TASK ITEM:
Omit the pictures and return exactly the stretch of the material below from the line with "2SD2139 datasheet pdf Panasonic" through the line with "1Pc Multifunction Tool".

EXTRACTED INFORMATION:
□ □ □ □ □ □ □
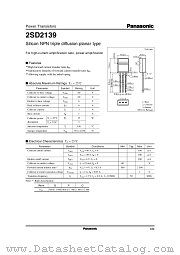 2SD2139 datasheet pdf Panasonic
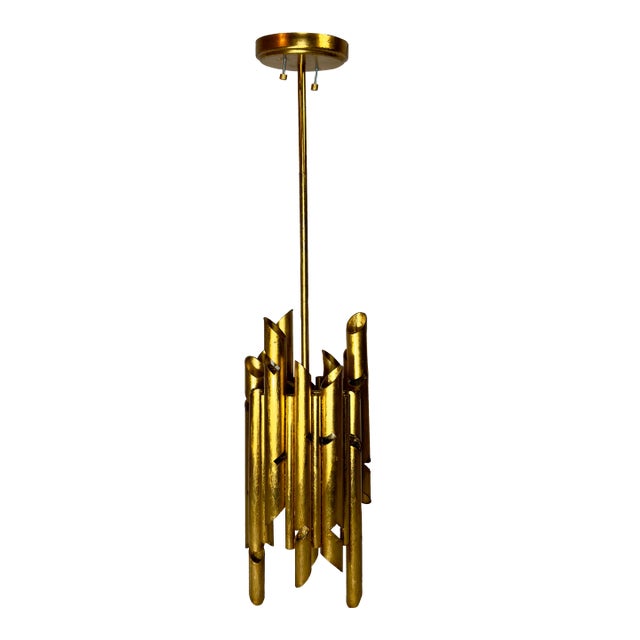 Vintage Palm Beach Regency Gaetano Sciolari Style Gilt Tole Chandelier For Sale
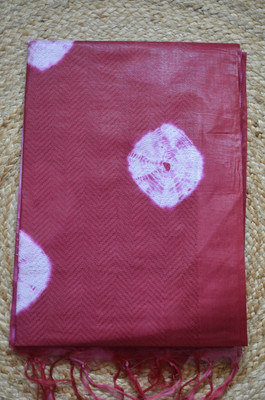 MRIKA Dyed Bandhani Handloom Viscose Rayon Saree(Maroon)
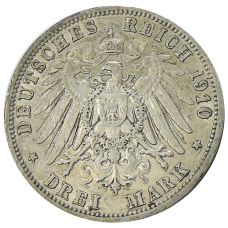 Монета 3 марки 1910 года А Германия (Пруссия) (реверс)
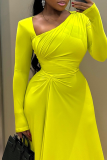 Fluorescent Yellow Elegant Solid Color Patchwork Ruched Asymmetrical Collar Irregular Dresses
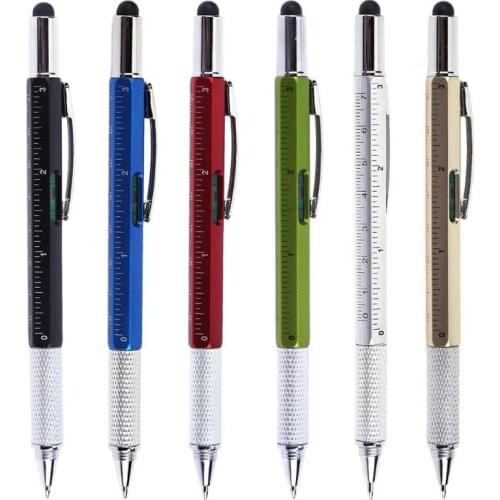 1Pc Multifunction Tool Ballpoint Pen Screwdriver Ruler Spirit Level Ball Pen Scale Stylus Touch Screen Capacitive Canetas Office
□ □ □ □ □ □ □
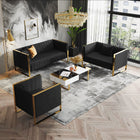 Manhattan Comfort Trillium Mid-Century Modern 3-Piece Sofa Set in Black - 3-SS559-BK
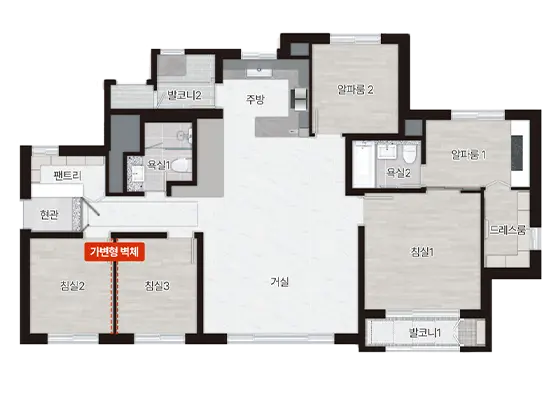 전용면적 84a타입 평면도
□ □ □ □ □ □ □
COMPLETED TASK:
 2SD2139 datasheet pdf Panasonic
 Vintage Palm Beach Regency Gaetano Sciolari Style Gilt Tole Chandelier For Sale
 MRIKA Dyed Bandhani Handloom Viscose Rayon Saree(Maroon)
 Монета 3 марки 1910 года А Германия (Пруссия) (реверс)
 Fluorescent Yellow Elegant Solid Color Patchwork Ruched Asymmetrical Collar Irregular Dresses
 1Pc Multifunction Tool Ballpoint Pen Screwdriver Ruler Spirit Level Ball Pen Scale Stylus Touch Screen Capacitive Canetas Office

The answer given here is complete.